The New Brunswick Development Corporation serves as a model for its sister firm, the Atlantic City Development, which is expected to manage over $200 million in private and public financing. Senate President, Stephen Sweeney, touted the corporation as a model of what can be achieved when public resources are channeled through private companies to implement large-scale constructions. Chris Paladino who structured Heldrich’s $20 million loan heads the two corporations. The 235-room hotel was opened in 2007 as the economic crisis was setting in. However, it has been struggling to attract guests for quite some time. The previous year’s occupancy stood at 63.5 percent.
On the other end, the Atlantic County Improvement Authority is setting up a $120 million in bonds to be issued in May for the Gateway project. The bond will be utilized to construct a Stockton University Satellite campus and will be repaid through the dorm room revenue and tax credit sales.
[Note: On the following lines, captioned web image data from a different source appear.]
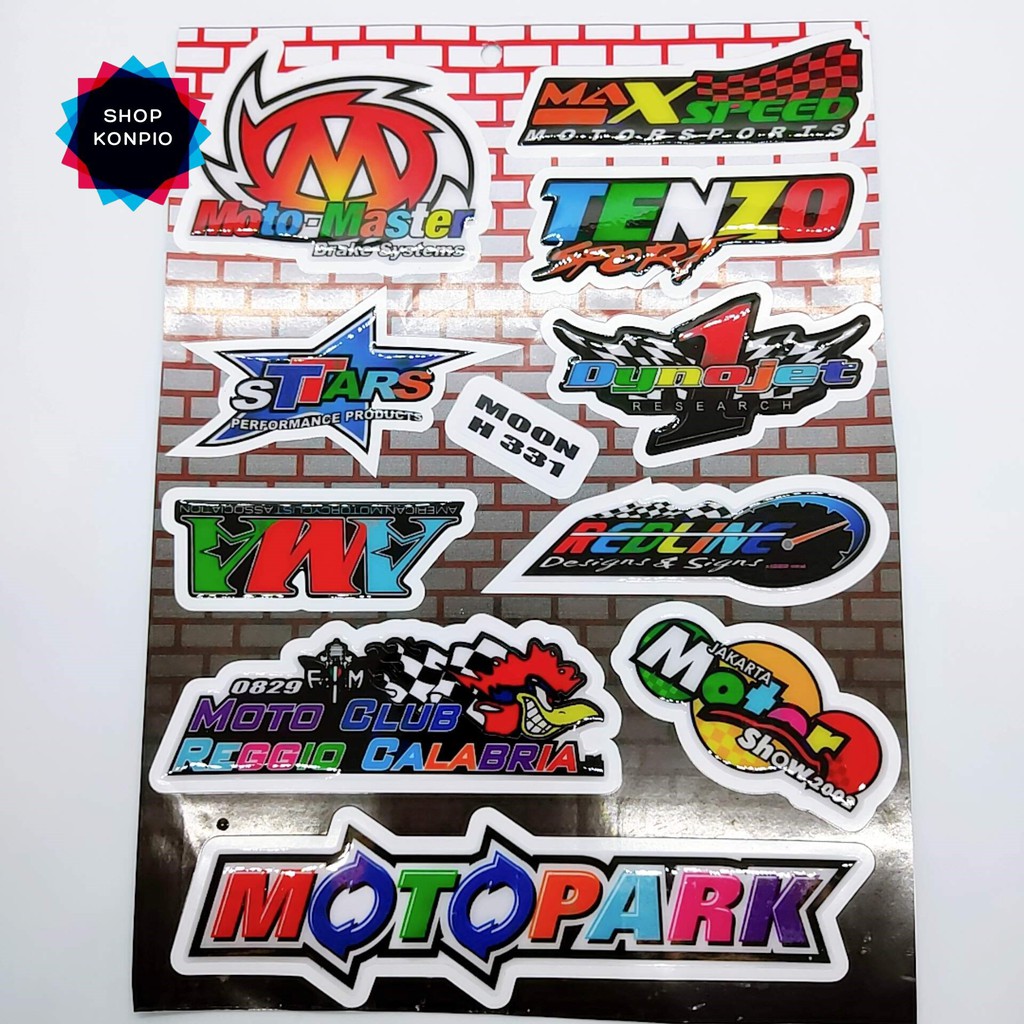 Bộ Tem Sticker Moto Dập Nổi Cao Cấp Dán Xe Máy, Ô Tô, Mũ Bảo Hiểm, Chống Thấm Nước, Chống Bay Màu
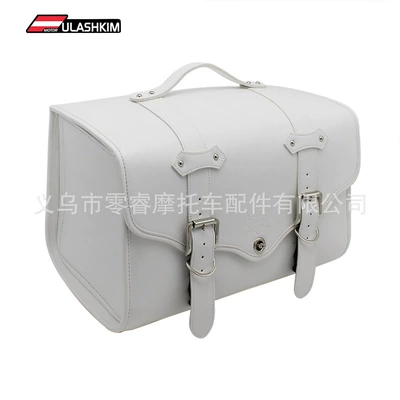 Motorcycle Rear Tail Box Organizer Large Capacity Motorcycle Tail Box Rear Pouch Storage Bag (Motorcycle trunk) - 1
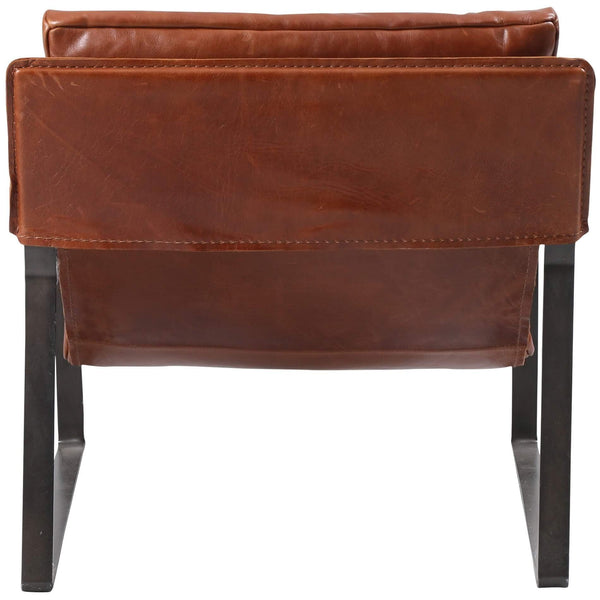 Home Fashion Emmett Leather Sling Chair Dakota Tobacco By Four Hands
John Cantalupo, Atlantic County Improvement Authority’s bond counsel, noted that he had examined the Heldrich financing. He was positive that the Gateway bonds would not experience similar shortfalls.
Devco was established in mid-1970’s to act as a catalyst for the revitalization of the city. It is a private nonprofit real estate development firm. The corporation has played a pivotal role in the renaissance of New Brunswick. New York Times recognized Devco as a “powerful engine for economic growth.” Since it was established, Devco has managed about $1.6 billion of investments within the City.